• **Goal of the exercise**
Repeat the listing that follows, character for character, minus the pictures.

Material provided below:

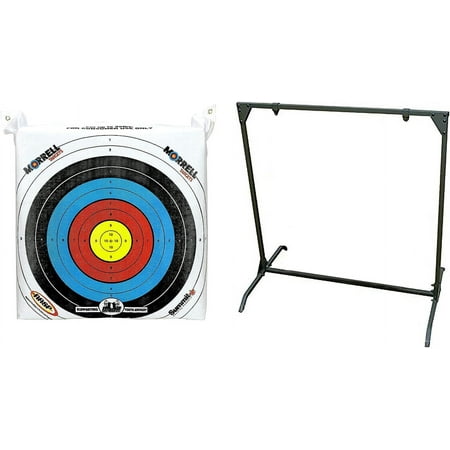 Morrell Lightweight Portable Youth Range NASP Field Point Archery Bag Target with 30 Inch Archery Shooting Bag Target Stand Olive Green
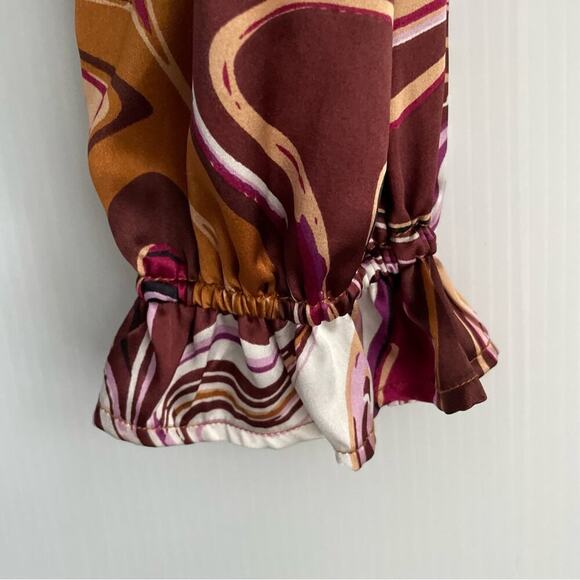 O.L.M. Cropped long sleeve zipper from top retro pattern size extra large - Picture 3 of 6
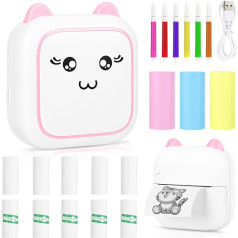 Comius Sharp Mini Printer for Smartphone, Bluetooth Thermal Printer, Smartphone Printer, Mobile Phone Printer with Label Printing Paper, Coloured Paper, Pens, Portable Pocket Printer for Android, iOS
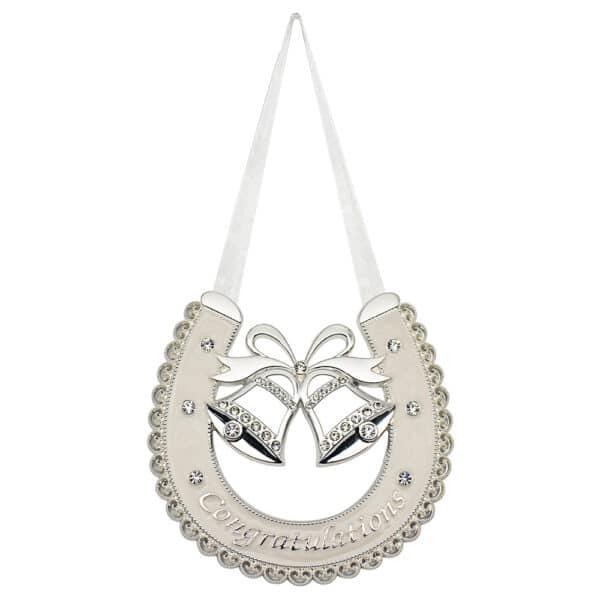 Wedding Bells Congratulations - Silver Plated Horse Shoe Lucky Charm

End of Material provided.

• **Response for this exercise**
 Morrell Lightweight Portable Youth Range NASP Field Point Archery Bag Target with 30 Inch Archery Shooting Bag Target Stand Olive Green
 O.L.M. Cropped long sleeve zipper from top retro pattern size extra large - Picture 3 of 6
 Comius Sharp Mini Printer for Smartphone, Bluetooth Thermal Printer, Smartphone Printer, Mobile Phone Printer with Label Printing Paper, Coloured Paper, Pens, Portable Pocket Printer for Android, iOS
 Wedding Bells Congratulations - Silver Plated Horse Shoe Lucky Charm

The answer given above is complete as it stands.